Tutto nasce da questo nome. La nostra carriera da musicisti si ispira allo stile registico di Kubrick, che si svolge su vari livelli. I nostri testi e la nostra musica viaggiano su questi livelli che si incastrano e si fondono. In più abbiamo sempre amato il mondo delle colonne sonore… io (Dario) da bambino ascoltavo i Goblin e sognavo di comporre colonne sonore.
Che compromessi accettereste per la musica?

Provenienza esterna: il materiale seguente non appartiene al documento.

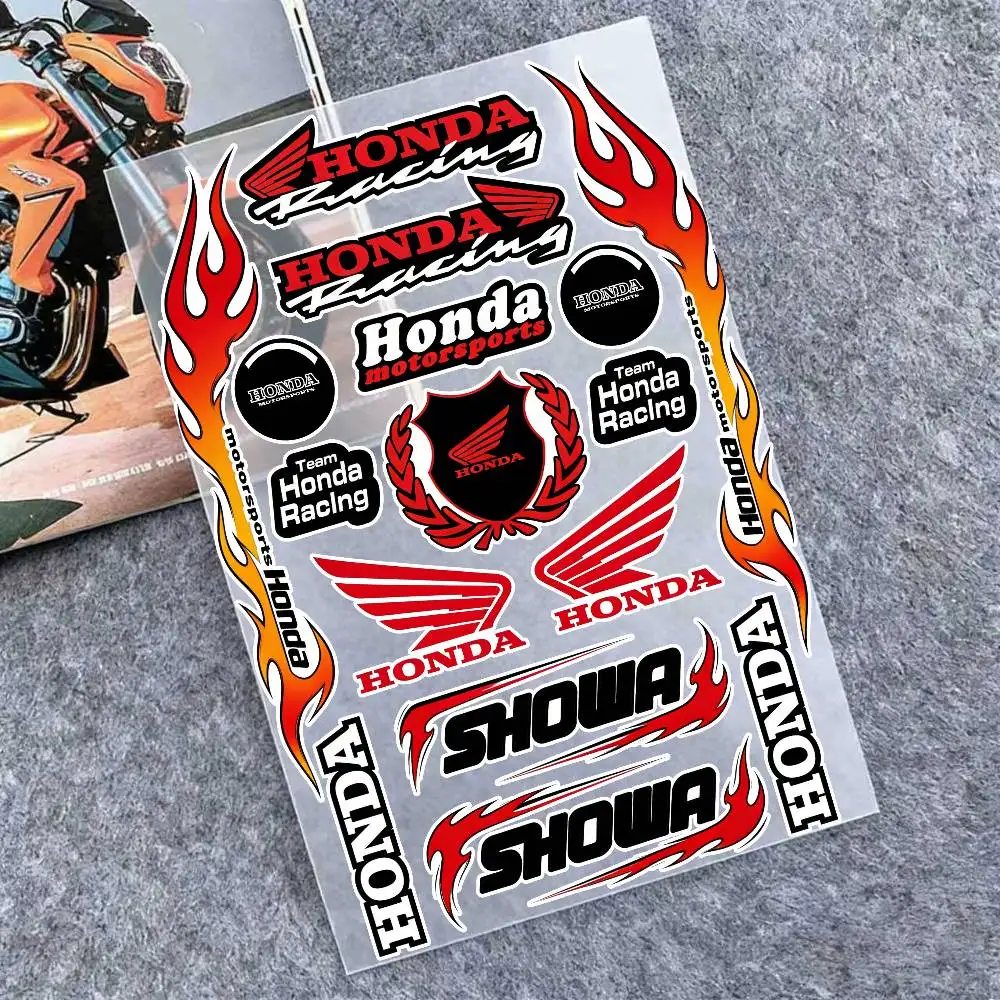 For HONDA Reflective Motorcycle Stickers, 3M Safety Warning At Night In The Dark Scooter Helmets
For HONDA Reflective Motorcycle Stickers, 3M Safety Warning At Night In The Dark Scooter Helmets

Per quanto riguarda i compromessi direi che fino ad ora non si è mai presentata l’occasione, da una parte questo come band può dire tre cose: o che nessuno ti considera o che non ce n’è bisogno, o se ne hai bisogno significa che quello che farai servirà a farti avere una visibilità
maggiore. Nel nostro caso abbiamo trovato un’etichetta che ha supportato il nostro lavoro al 100% e ci lascia piena libertà artistica. Il discorso dei talent, in cui uno potrebbe intravedere un compromesso, in verità abbraccia una problematica piu ampia e controversa. Diciamo che alla base c’è una grossa crisi del mercato discografico per quanto riguarda le nuove proposte, tanto che talent del calibro di XFactor stanno spingendo sui gruppi proprio perché si sono accorti che alcune nuove proposte hanno il fiato corto. Questo da una parte potrebbe offrire a tante band la possibilità di passare ad un circuito con più visibilità, cosa a cui tutti aspirano, ma di contro la televisione spaghettizza qualsiasi cosa come se fosse un’enorme buco nero e quindi ecco l’incognita. Che dire, le proposte vanno valutate nella propria interezza e nel contesto giusto, per oggi siamo contenti che sia uscito il disco e nel futuro vedremo se si presenterà l’occasione o l’imprevisto a seconda dei casi.
Concluderei chiedendovi i vostri cinque dischi preferiti… ma siccome vi trovate a vostro agio con toni pessimistici, riformulo e vi chiedo: quali sono i cinque dischi che salvereste dall’apocalisse?
Dario: Aenema – Tool, Lateralus – Tool, Tarkus – Emerson Lake and Palmer, Selling England By The Pound – Genesis, Homogenic-Bjork.
Andrea: Deloused in Comatorium – The Mars Volta, Lateralus – Tool, Make a Jazz Noise Here – Frank Zappa, Storia di un impiegato – Fabrizio De Andrè, Dummy – Portishead.
Gianluca: Disintegration – The Cure, Mellon Collie and the Infinite Sadness – The Smashing Pumpkins, Rust in peace – Megadeth, Songs of Faith and Devotion – Depeche Mode, Ok Computer – Radiohead.